Ah, e agora chego à terceira comida que marcou minha infância: o frango assado, chamado “frango de televisão de cachorro”. É aquele frango dourado, cheiroso, luminoso, acompanhado de polenta, que fica rodando no espeto. Aos domingos, quando íamos almoçar na casa do meu avô, minha mãe dizia para mim e para meus irmãos:
– Caminhem olhando para o chão. Se acharmos cinco cruzeiros, vamos comprar frango assado.
Nunca achamos.
Hoje, era para eu ser um adepto de frangos assados, mas não sou. O frango assado não me faz sentir o gosto da infância, nem o camarão e nem a batata frita. A infância, para mim, ressurge… quando corto uma fatia de pão. É estranhamente trivial, mas é isso mesmo. Quando tomo o pão com a mão esquerda e, com a direita, assesto a faca serrilhada para cortá-lo, lembro-me da minha mãe mandando:
– Vai lá na vendinha e traz meio quilo de pão semolina e um litro de leite.
Ela queria preparar o café da tarde. Eu, então, deixava a contragosto a brincadeira da qual estivesse me ocupando e ia. No caminho, encontrava um amigo ou dois e me detinha conversando. Houve dias, vários, em que deixei o pão e o leite em cima de uma pedra e entrei na peladinha que era disputada no areão ao lado da venda.

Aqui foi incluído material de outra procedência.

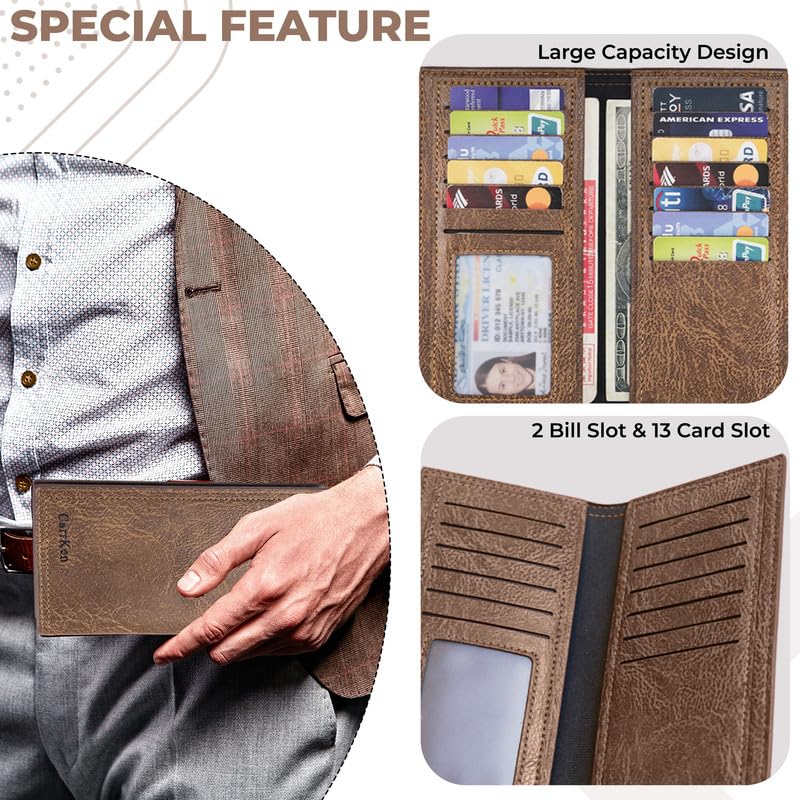 Image of Kraptick Card Holder Wallet for Men - Ultimate Stylish and Compact Credit, Debit, ATM Card Organizer (2 Fold)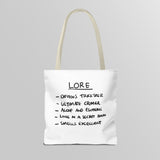 "Slambo" Illustrated White Tote Bag - Lil' Fellas by Ben Mills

E não raro fiz um pequeno desvio para me pôr debaixo da janela de Sândi, a loirinha de olhos azuis que morava no térreo do prédio do meu amigo Amilton Cavalo. Jogava uma pedrinha no vidro da janela, ela aparecia sorridente e eu:
– Oi, gatchinha…
Quando chegava em casa, sempre levava um xingão da mãe, por causa do atraso. Não me importava, estava feliz. Aí, a mãe botava o leite para ferver e fatiava o pão, exatamente como faço agora e, agora, é dela que me lembro e dos meus antigos amigos e da loirinha Sândi e de tardes vadias no IAPI, o bairro da minha infância, como é doce o gosto da infância.